AHDB reports that GB milk production was down 0.9% in the April-July compared to the same period in 2023.  However, with prices firming and reasonably good weather conditions, it is believed that production for the rest of the summer and autumn will at least match last-year’s levels.

In global terms, milk production in the main exporting countries is forecast to be almost static in 2024 (down 0.1%).  Output declines in NZ, Argentina and the UK are matched by increases in the US, EU and Australia.

Such meagre growth in output is contributing to firming prices.  However, increases have been slow as global demand remains weak.  In particular, Chinese demand has been very poor.  It imported its lowest amount of dairy products since 2018 in the first half of 2024.  Part of this is down to the continued struggles of the Chinese economy.  However, the country has made significant investments in its own dairy sector and is now satisfying more of its own demand.  Chinese imports may therefore be less of a factor in driving global prices in the future.

Prices

At the latest GDT auction on the 20th August the index rose by 5.5% to reach $3,920 per tonne.  This is the highest level seen since the summer of 2022 and is now 36% higher than the same time last year.

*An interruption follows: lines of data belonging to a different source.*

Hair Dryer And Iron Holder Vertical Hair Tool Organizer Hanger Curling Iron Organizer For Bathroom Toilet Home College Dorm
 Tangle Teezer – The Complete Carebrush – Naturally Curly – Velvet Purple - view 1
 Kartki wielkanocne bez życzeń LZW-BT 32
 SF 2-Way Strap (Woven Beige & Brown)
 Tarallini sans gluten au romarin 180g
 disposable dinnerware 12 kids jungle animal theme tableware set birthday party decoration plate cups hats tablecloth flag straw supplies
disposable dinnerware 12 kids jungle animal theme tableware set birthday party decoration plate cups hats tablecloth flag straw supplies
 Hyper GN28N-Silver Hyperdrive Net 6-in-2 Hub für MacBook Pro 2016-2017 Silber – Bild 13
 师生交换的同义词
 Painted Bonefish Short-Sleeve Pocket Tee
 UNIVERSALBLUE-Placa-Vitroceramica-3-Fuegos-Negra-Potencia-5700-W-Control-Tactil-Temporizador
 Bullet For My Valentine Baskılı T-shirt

Domestic farmgate milk prices also continue to edge upwards.  A number of companies have announced price increases from the 1st September.  Amoung these are;

  • Muller – standard litre up 1.25ppl (to 40.25ppl)
  • First Milk – manufacturing price up 1ppl (to 42ppl)
  • Leprino Foods (previously Glanbia) – up 1ppl to 41.5ppl
  • Meadow Foods – price up by 1.5ppl

Pest des Petits Ruminants (PPR)

New controls came into force in England from 21st August and in Wales from 22nd August to safeguard Britain’s sheep and goat populations from outbreaks of Peste des Petits Ruminants (PPR).  PPR poses no risk to human health but is a highly contagious disease affecting goats and sheep.  The new controls will strengthen the requirements for bringing sheep and goat meat and milk into Great Britain from the European Union (EU), European Free Trade Association states, Greenland and Faroe Islands.  In recent months, there have been outbreaks in mainland Europe, and the commercial import of certain commodities is already restricted to prevent the spread of PPR into Great Britain.  However, the new rules will mean it is now no longer permitted to bring unpackaged sheep and goat meat and meat products, or sheep and goat milk and milk products, from these areas.  Additionally, commercially produced and packaged sheep and goat milk and milk products are not permitted from Greece or Romania.  Scotland is expected to introduce new controls shortly.

 

Beef and Sheep Markets

Beef

The GB cattle price has risen sharply since the middle of July.  The GB deadweight steer overall price stood at 493.1p per kg for the week ending 17th August; up over 12p per kg in the last two weeks.  For the same week in 2023, the price had fallen to 456.7p per kg, before rising throughout the autumn.  Domestic supplies are tight which is supporting prices.  However, ther are reports of an increase in imports from Ireland where export prices have become more competitive recently.  Official import data will not be available for a few weeks yet, but if this is the case the buoyant prices suggests market demand is able to currently absorb this.

Sheep

The GB deadweight New Season (NS) lamb price has remained stable since the middle of July after declining sharply during June.  The NS SQQ deadweight price stood at 664.8p per kg for the w/e 17th August, this compares with 580.7p per kg for the same week in 2023.  Tight domestic supplies and a strong export market are supporting prices.  Furthermore, recent price increase for lamb in both Australia and New Zealand should further support domestic prices.  Imports from these countries have been higher this year than in 2023 because the price has been so competitive.  But in NZ, where prices have been pressured all year, they have risen by 18p per kg in the 3 weeks to August 10th as supplies tighten.  The situation is similar in Australia where it appears demand for lighter lambs earlier in the season means more were slaughtered, impacting supply now.